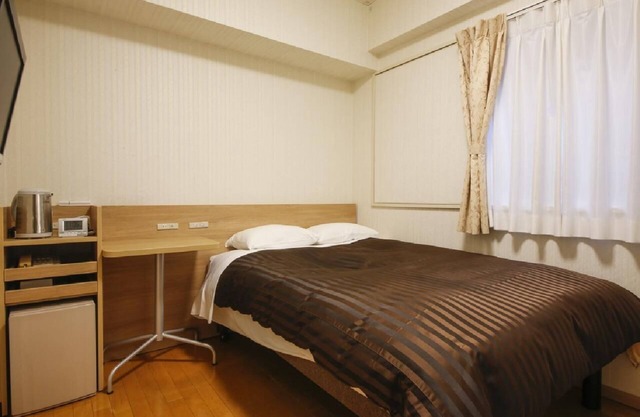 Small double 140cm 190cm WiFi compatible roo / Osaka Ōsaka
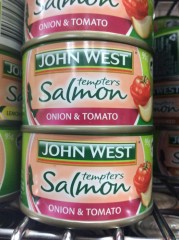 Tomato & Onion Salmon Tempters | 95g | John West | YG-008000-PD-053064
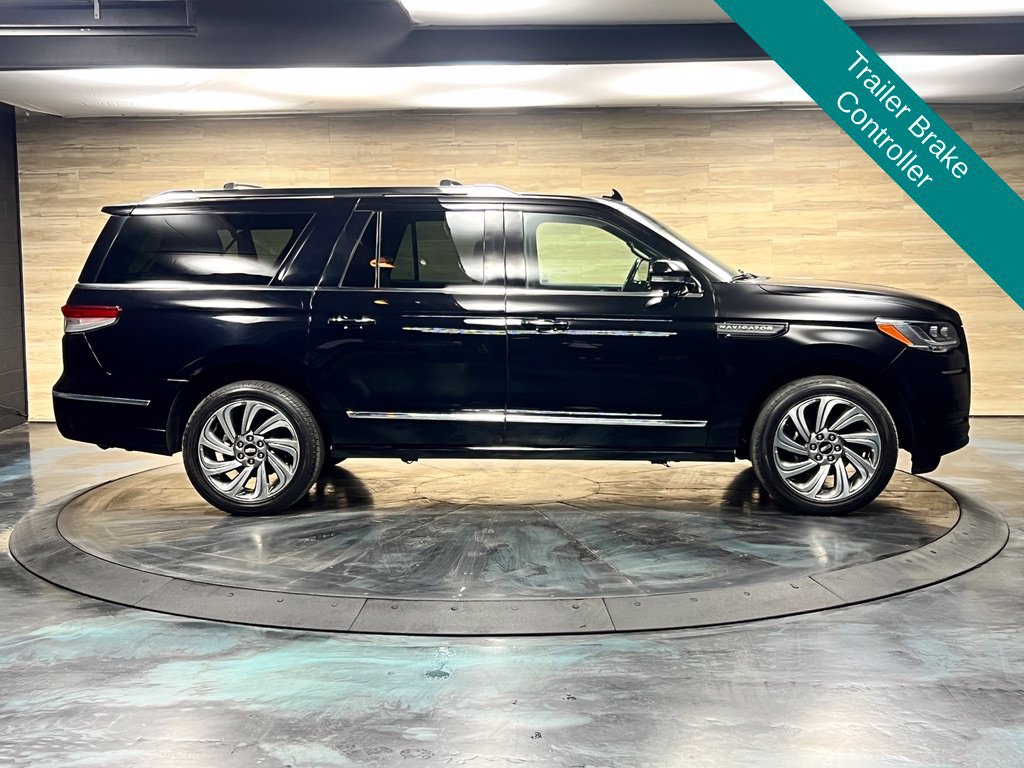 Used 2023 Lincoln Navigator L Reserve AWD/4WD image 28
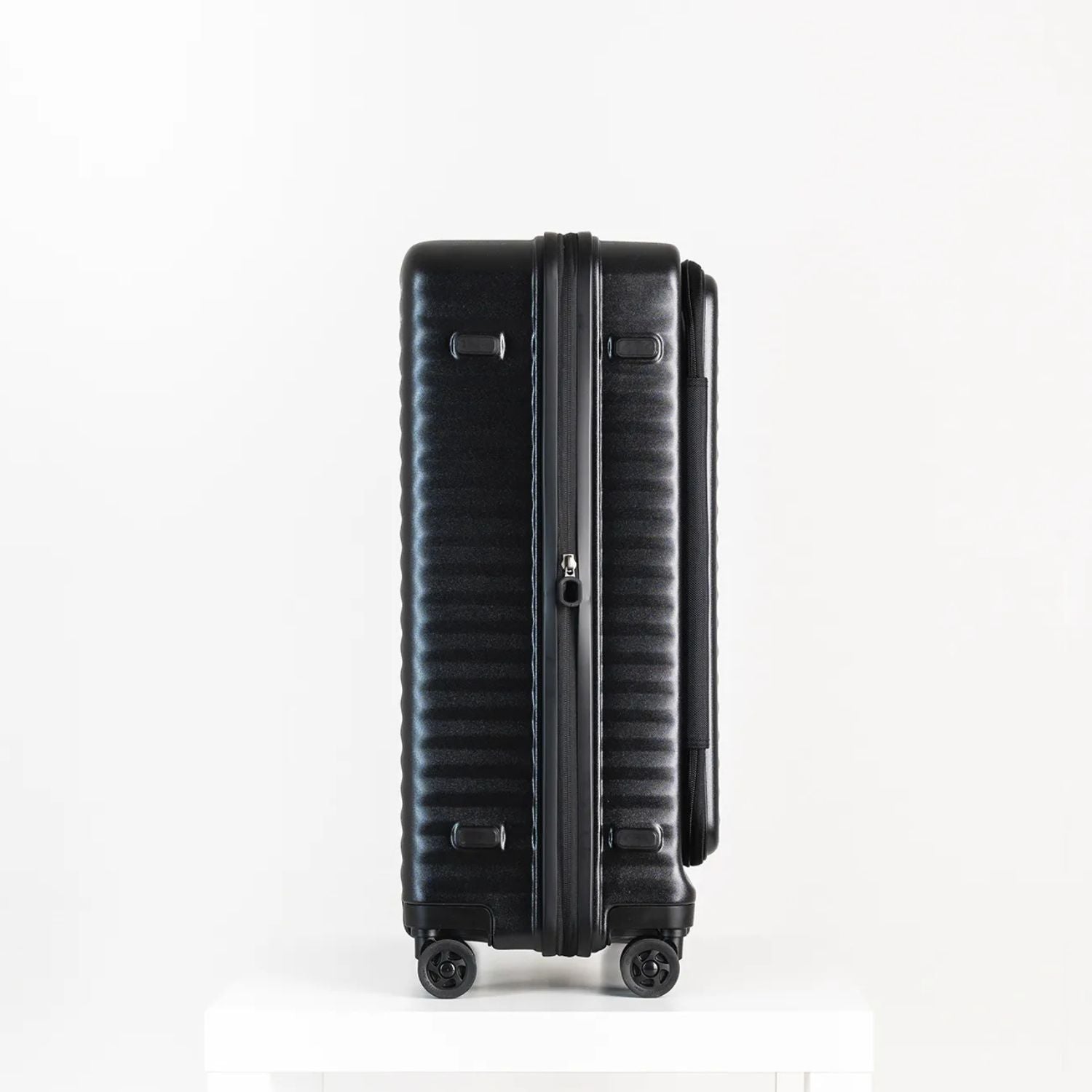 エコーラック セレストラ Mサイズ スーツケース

★ ★ ★ ★ ★

* **EXERCISE AIM**: Leave the pictures out and transcribe the remaining material exactly.

* **TASK OUTPUT**:
 Small double 140cm 190cm WiFi compatible roo / Osaka Ōsaka
 Tomato & Onion Salmon Tempters | 95g | John West | YG-008000-PD-053064
 Used 2023 Lincoln Navigator L Reserve AWD/4WD image 28
 エコーラック セレストラ Mサイズ スーツケース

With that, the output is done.